Look who decided to stop illegally mining cryptocurrency and start being a website again!

Look who decided to stop illegally mining cryptocurrency and start being a website again!

I have what might be an unhealthy comfort level with taking on computer projects that are way over my head, and this site was no exception.

begin computer ramble, skip ahead if you just want to hear the illicit crypto mining part

When I started my blog, I knew I wanted to self-host so I could own all my content and not be at the whim of WordPress or whatever other managed hosting service. I did some research and landed on Ghost, and found a YouTube tutorial showing how you can effectively host a Ghost blog for free on Google Cloud (thanks to the $300 in credits they gift you upon signup).

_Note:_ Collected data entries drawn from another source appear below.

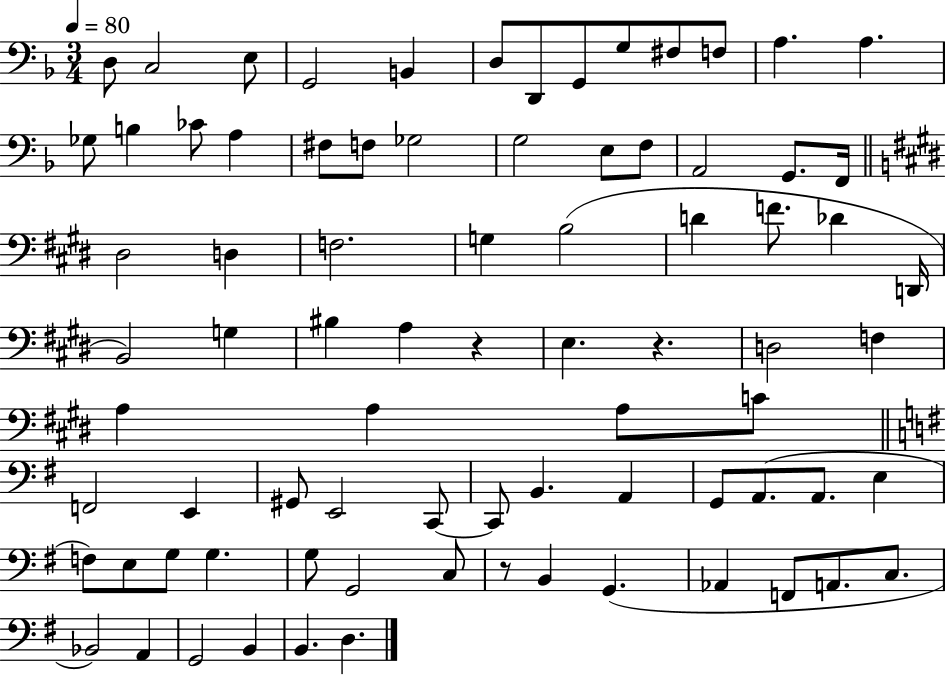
X:1
T:Untitled
M:3/4
L:1/4
K:F
D,/2 C,2 E,/2 G,,2 B,, D,/2 D,,/2 G,,/2 G,/2 ^F,/2 F,/2 A, A, _G,/2 B, _C/2 A, ^F,/2 F,/2 _G,2 G,2 E,/2 F,/2 A,,2 G,,/2 F,,/4 ^D,2 D, F,2 G, B,2 D F/2 _D D,,/4 B,,2 G, ^B, A, z E, z D,2 F, A, A, A,/2 C/2 F,,2 E,, ^G,,/2 E,,2 C,,/2 C,,/2 B,, A,, G,,/2 A,,/2 A,,/2 E, F,/2 E,/2 G,/2 G, G,/2 G,,2 C,/2 z/2 B,, G,, _A,, F,,/2 A,,/2 C,/2 _B,,2 A,, G,,2 B,, B,, D,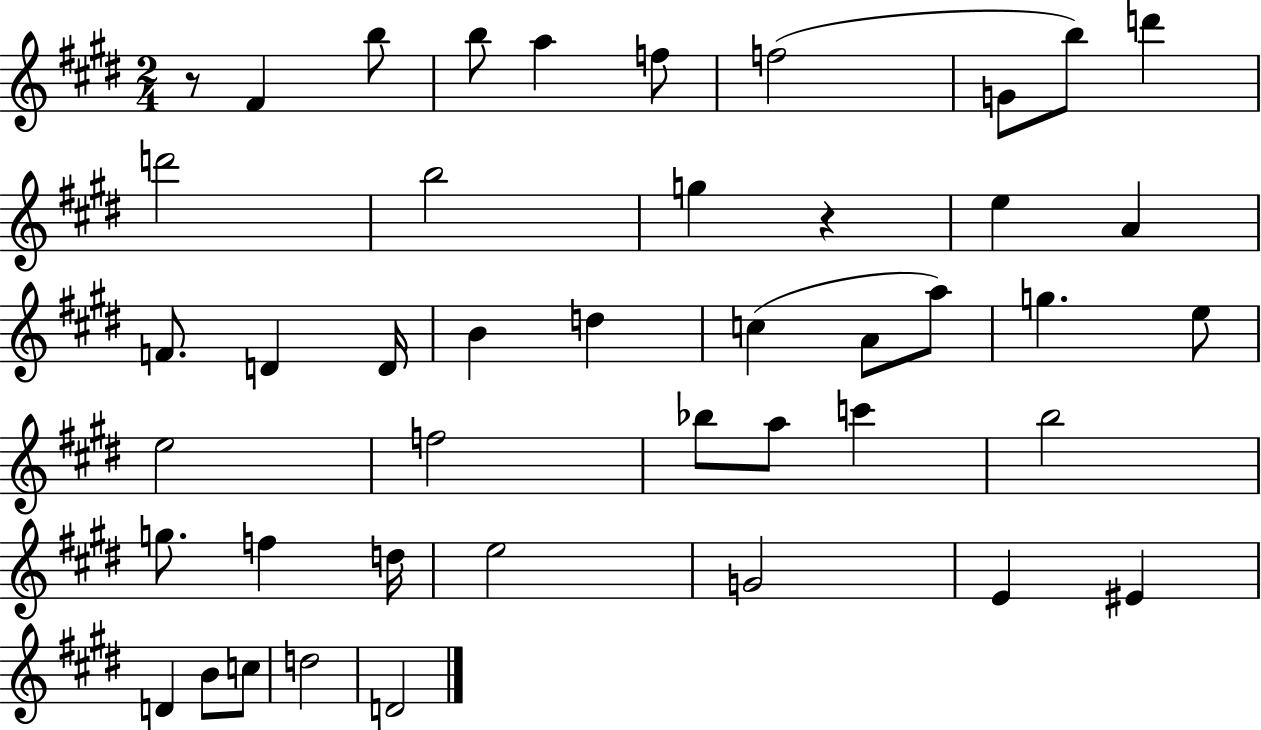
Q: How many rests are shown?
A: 2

This setup, for anyone curious, was something like:

VM on Google Cloud – managed via CyberPanel – running a Docker container, which hosted the Ghost install

It was kind of janky from the get-go, and near impossible to troubleshoot, but it worked. (until it didn't.)

end computer ramble

One day, I got an automated email from Google Cloud being like "hey, cut it out with the illegal crypto mining!" They temporarily disabled my VM, and every time I tried to start it back up to access the console, it would immediately get shut down.

I appealed the warning, being like "hey i'm just a little guy, I'm not mining cryptocurrency! I don't know how to mine cryptocurrency even if I wanted to! I barely know how to use a computer, I am just trying to host my little hiking blog! I only have 2 subscribers!" Google was like "I'm not reading all that, you are responsible for making sure not to mine crypto using our services."

I assumed this was some kind of misconfiguration or error on my part – my little vm getting hacked to mine crypto sounded too goofy to be true. However, I did a little more research, and found other people talking about their vms getting cryptojacked as well.

I looked into it further, and (I'll let the very smart computer guy explain) https://www.schneier.com/blog/archives/2024/10/perfectl-malware.html

It felt weirdly flattering, getting taken down by a sophisticated and not-yet-fully-understood piece of malware, possibly by a malevolent nation-state, because I had kind of assumed that it was going to be like oh, your vm has "Guy Who's Bad At Setting Up Servers Disorder".

ANYWAY,

After a couple of months of on and off poking at the problem with a stick (and lots of guidance from my very patient partner), I finally got it back up. It was a massive pain in the ass. I had to extract all of my data from my compromised vm, and kind of manually patch it into a fresh install of Ghost. Had to learn how databases work and everything.

Now I am running the site on a Droplet on DigitalOcean, which has built-in support for Ghost and which I'd actually recommend to anyone wanting to self-host. So far so good. The fact that I'm writing this post means that as of right now, my website is not currently mining cryptocurrency.

So I've got that going for me, which is nice! Anyway,

I'll be back soon to post some pics from some of my excursions and projects from the several weeks when my website was busy doing financial crimes.